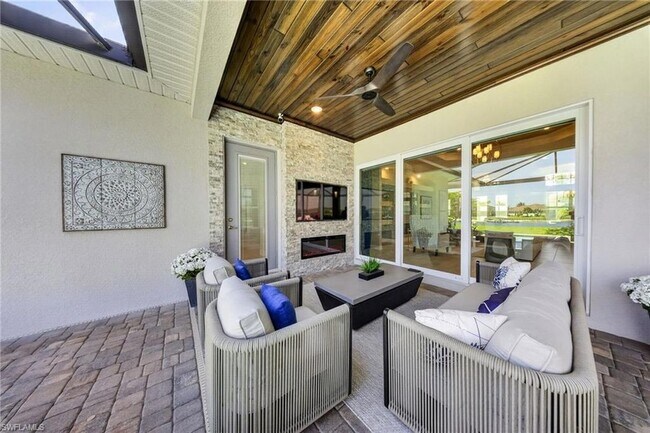 Building Photo - 14930 Blue Bay Cir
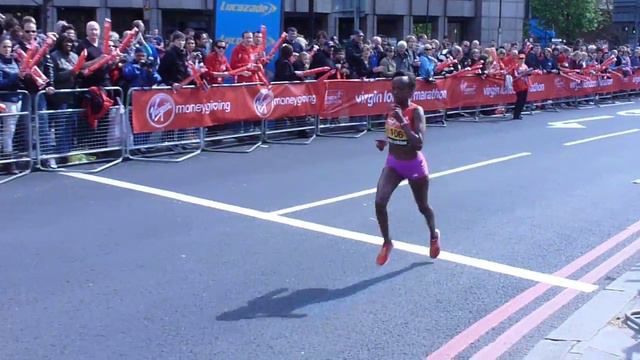 Virgin London Marathon 2012 - 24mile - Aberu Kebede смотреть онлайн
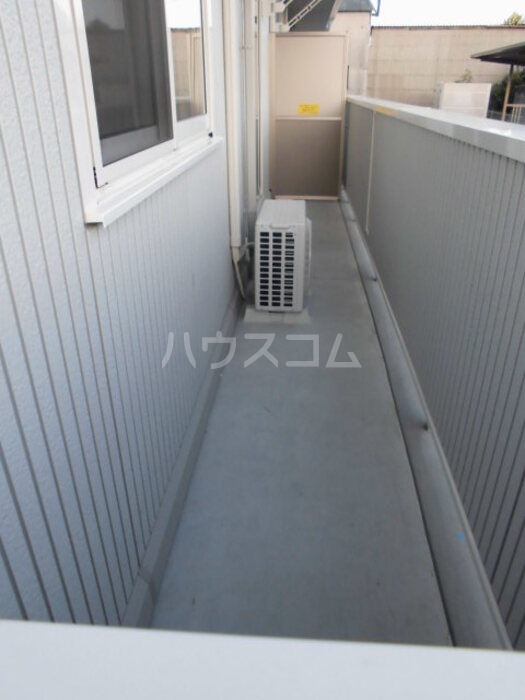 13/18 バルコニー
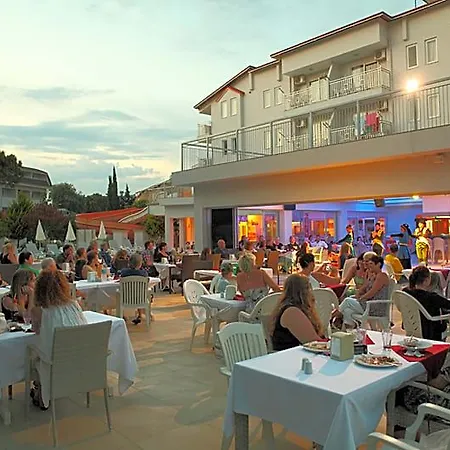 Catty Cats Garden Hotel apartamentowy 3*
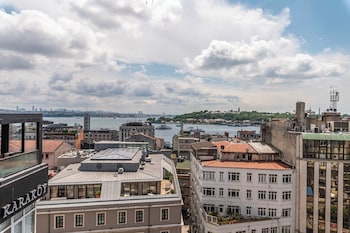 karakoy aparts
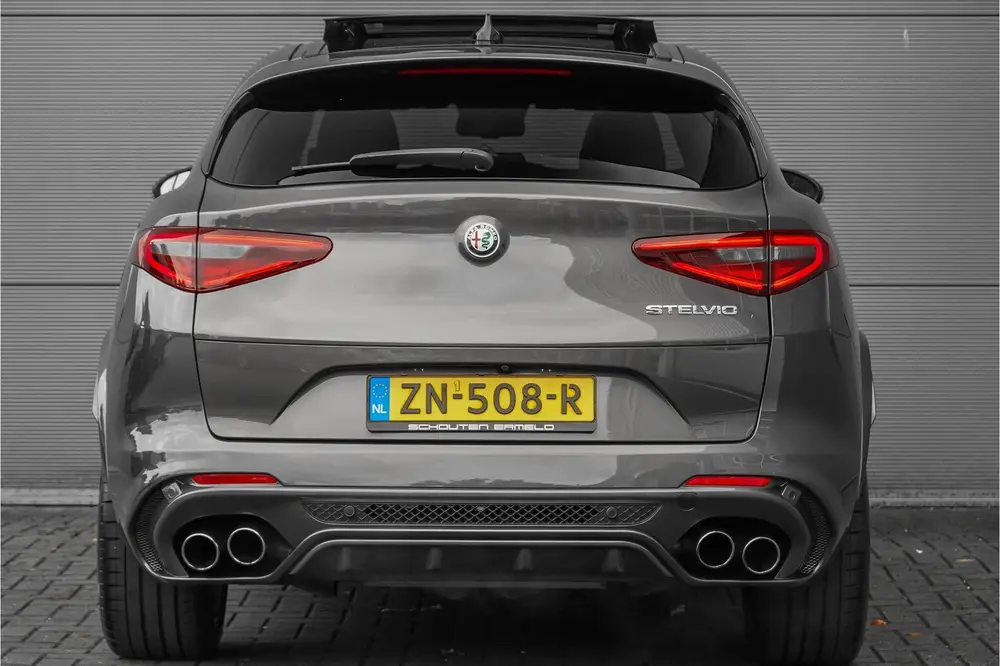 Alfa Romeo Stelvio 2.9 V6 AWD Quadrifoglio Pano H&K Carbon A uit 2019, foto 12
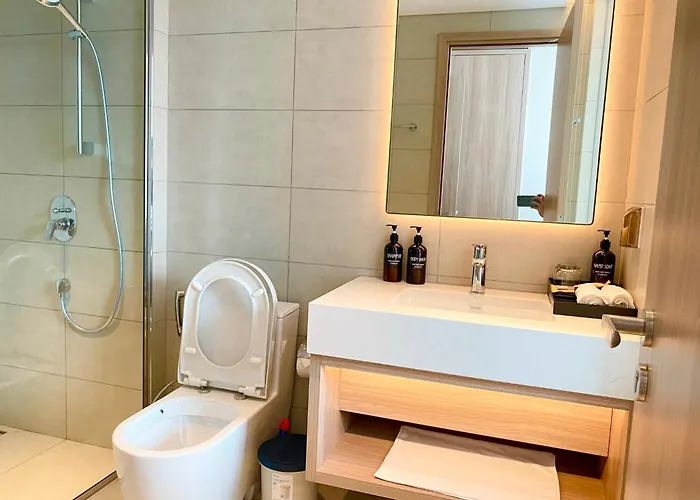 Hotel Khach San A Lacarte Bay, Ngay Mat Bien, Mien Phi Be Boi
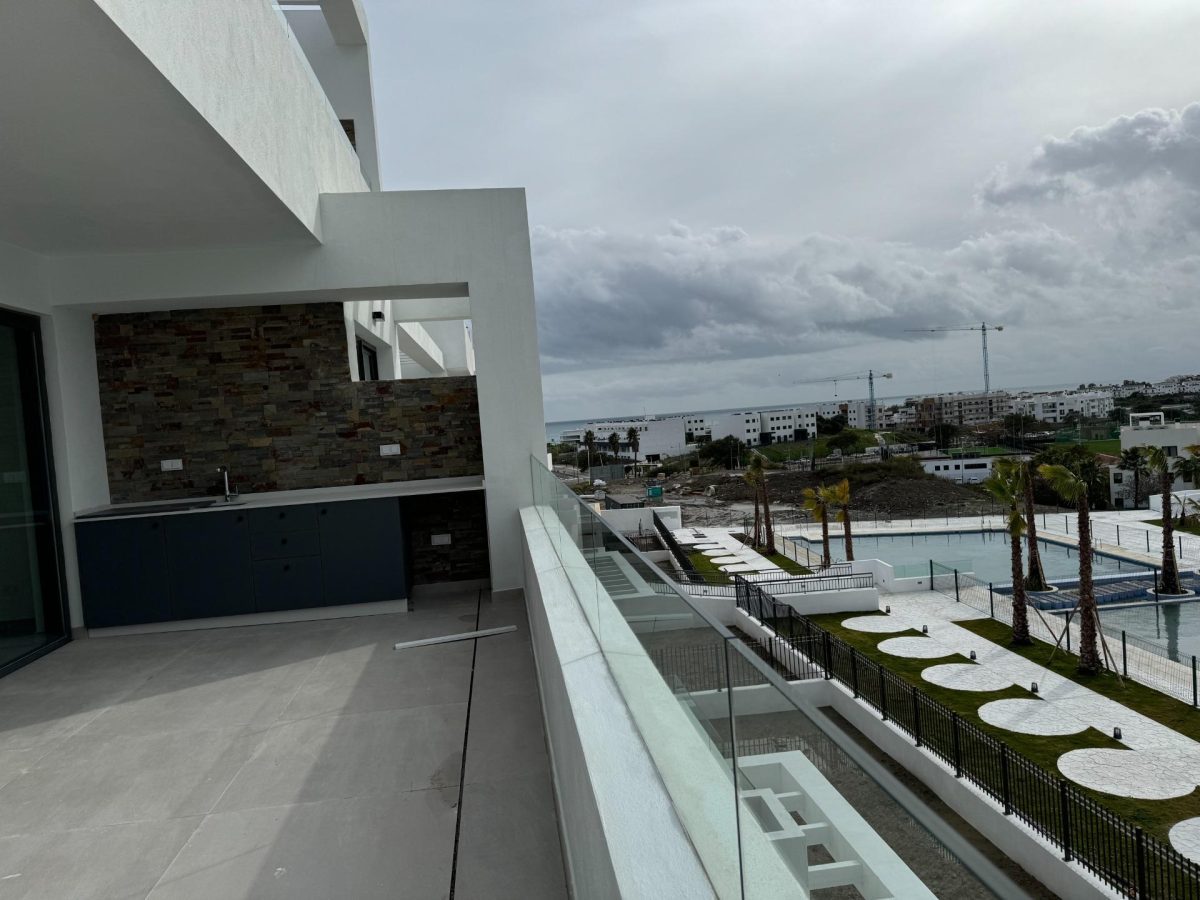 Exclusivo apartamento de lujo en  Estepona | 3 dormitorios, vistas al mar y a la montaña. — Foto 3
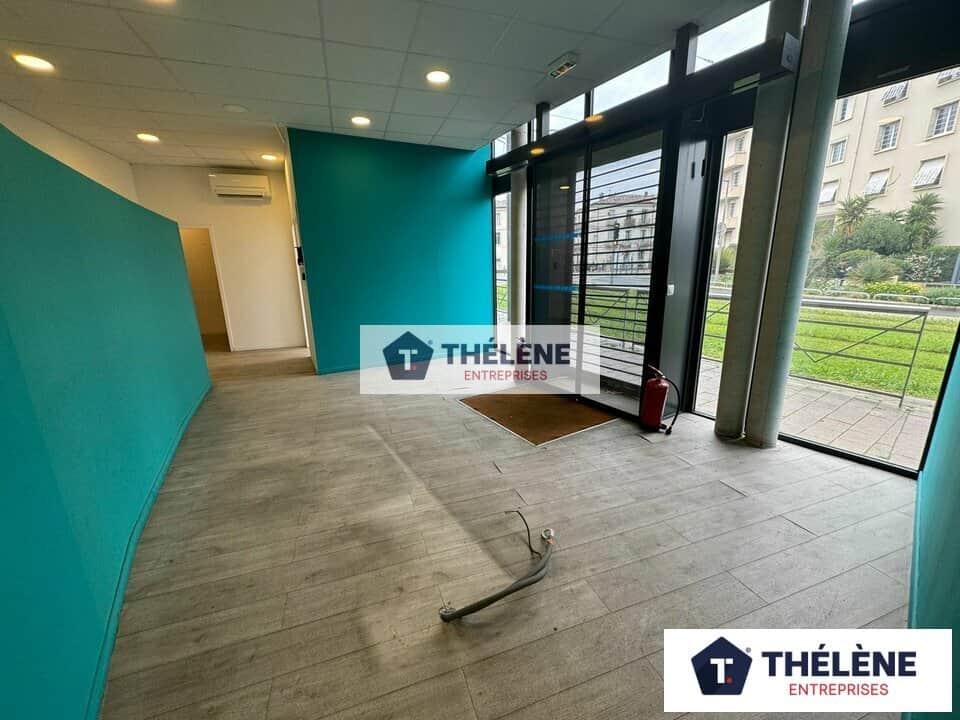 Local commercial · 145 m² · Location — photo 1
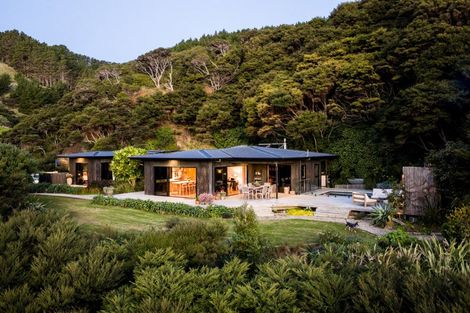 Photo of property in 380 Whaanga Road, Raglan, 3297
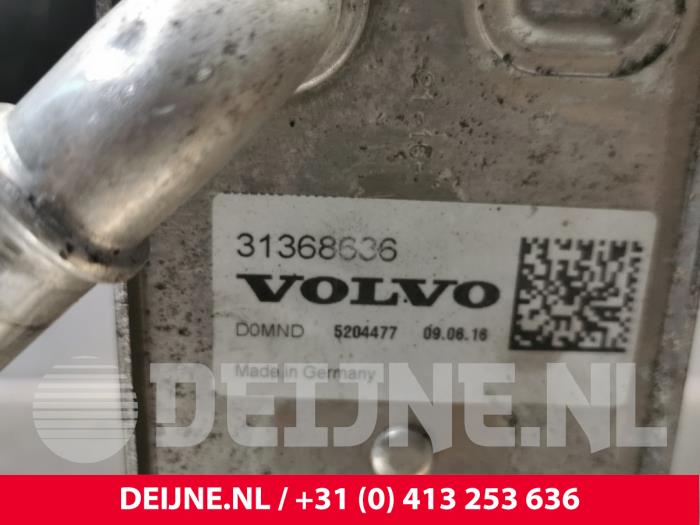 Refrigerador de aceite de un Volvo V60 I (FW/GW) 2.0 D4 16V 2016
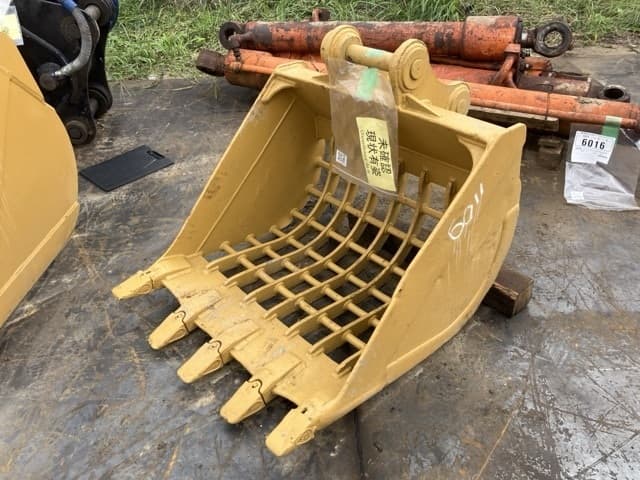 SKELETON BUCKET — Auction (lot 8461-6097)
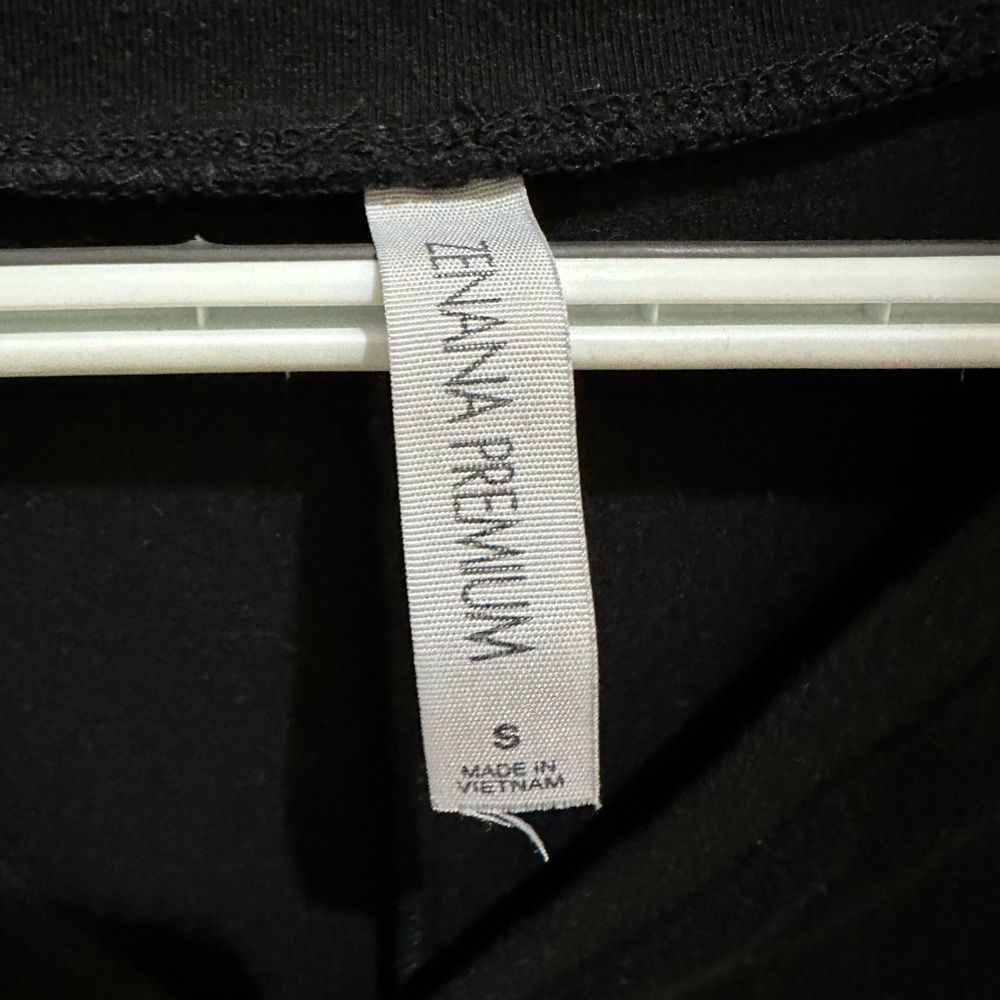 5 for $10 Zenana Outfitters Classic Black V-Neck Tee - Picture 2 of 3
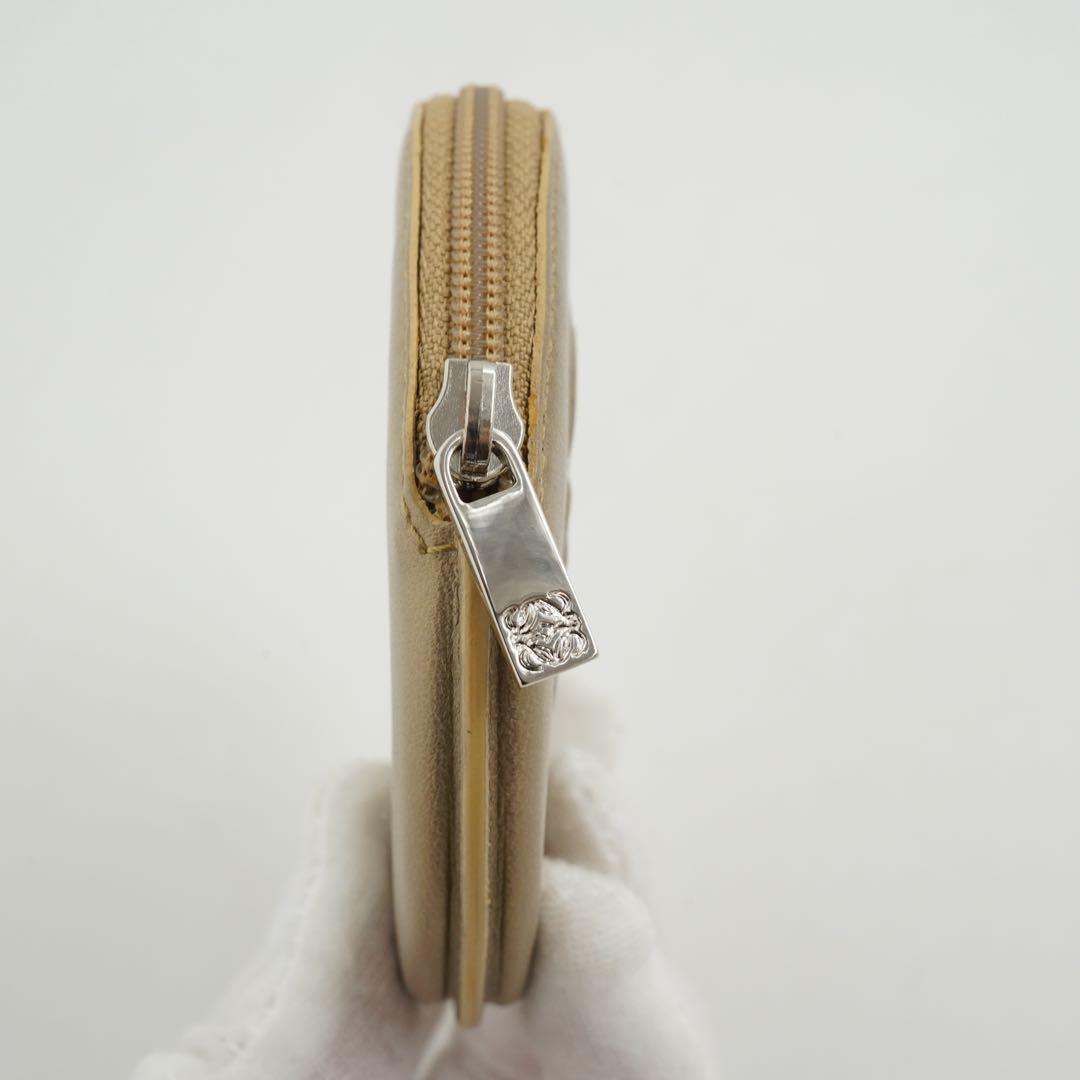 未使用品　ロエベ　ケース　小銭入れ　アナグラム　レザー　希少カラー　金色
######
→ **REQUIREMENT**:
Repeat verbatim the lines from the one holding "karakoy aparts" through the end of the listing above, both ends included, but not the pictures.

→ **YOUR SOLUTION**:
 karakoy aparts
 Alfa Romeo Stelvio 2.9 V6 AWD Quadrifoglio Pano H&K Carbon A uit 2019, foto 12
 Hotel Khach San A Lacarte Bay, Ngay Mat Bien, Mien Phi Be Boi
 Exclusivo apartamento de lujo en  Estepona | 3 dormitorios, vistas al mar y a la montaña. — Foto 3
 Local commercial · 145 m² · Location — photo 1
 Photo of property in 380 Whaanga Road, Raglan, 3297
 Refrigerador de aceite de un Volvo V60 I (FW/GW) 2.0 D4 16V 2016
 SKELETON BUCKET — Auction (lot 8461-6097)
 5 for $10 Zenana Outfitters Classic Black V-Neck Tee - Picture 2 of 3
 未使用品　ロエベ　ケース　小銭入れ　アナグラム　レザー　希少カラー　金色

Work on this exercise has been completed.